File Photo: German Chancellor Angela Merkel (AP Photo)

Berlin, Germany:  EU parliament president Martin Schulz, on Wednesday accused German Chancellor Angela Merkel of "irresponsible speculation" over suggestions that Greece may be allowed to exit the euro if the far-left wins elections this month.

"The irresponsible speculation and debate over the 'Grexit' (Greek exit from the eurozone) really isn't helping," Schulz said in comments published by the Die Welt daily.

"It should be clear to everyone: there is no question of a withdrawal from the euro. The unsolicited comments which give the people of Greece the idea that it's not for them to decide their future via their votes, but up to Brussels or Berlin could even push electors into the arms of radical forces," the German member of the European parliament warned.

Merkel has come under fire since the Der Spiegel news weekly on Saturday cited sources close to the German government as saying she is prepared to let Greece leave the eurozone if Greeks elect a government that jettisons the country's current austerity course.

The report comes as polls show a radical leftist party, Syriza, leading the field ahead of a snap election in Greece on January 25.

The party led by Alexis Tsipras has pledged to reverse reforms imposed by Greece's international creditors and renegotiate its bailout deal.

"The German government considers a eurozone exit (by Greece) to be almost inevitable if opposition leader Alexis Tsipras leads the government after the election and abandons budgetary discipline and does not repay the country's debts," Der Spiegel reported on its website.

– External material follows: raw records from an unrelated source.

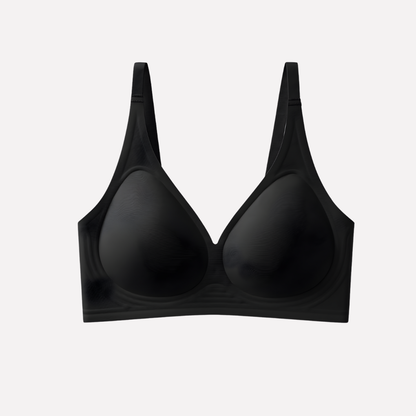 Women's Wireless Bralette - VibreMode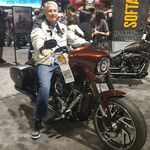 Don Mosher - @mosher_don_ - Instagram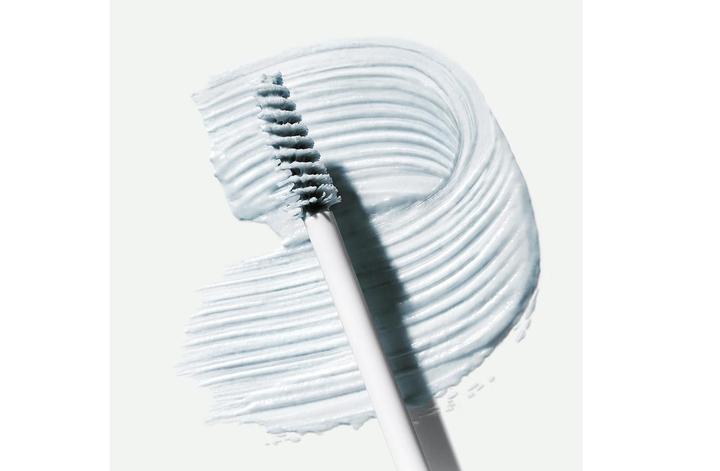 Actual product image RevitaLash Lash & Brow Masque (5 ml)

Both Merkel and Finance Minister Wolfgang Schaeuble had come to view a potential Greek exit from the 19-member eurozone in a less dramatic light, the report explained.

The German government has denied that any such discussion has taken place.

Greece's parliament was dissolved last week after the assembly failed to agree on a successor to outgoing President Karolos Papoulias in three successive votes.

The German government has denied that any such discussion has taken place.

Accused of exerting pressure on Greek voters, the EU Commission has stayed out of the argument, with Economic Affairs Commissioner Pierre Moscovici asserting that the European Union's powerful executive branch was not taken a position on the Greek electoral campaign.

Meanwhile, French Economy Minister Emmanuel Macron stressed that Greece's place was in the eurozone regardless of the colour of the next national government and urged Berlin and the European Central Bank to work towards its economic recovery.

He said French President Francois Hollande would seek to "convince our German partner that France and Germany should go further to relaunch Europe," when he meets Merkel in Strasbourg on Sunday.

Germany "should invest more. It has an overriding responsibility to do so just as France has an overriding responsibility to carry out reforms," he added.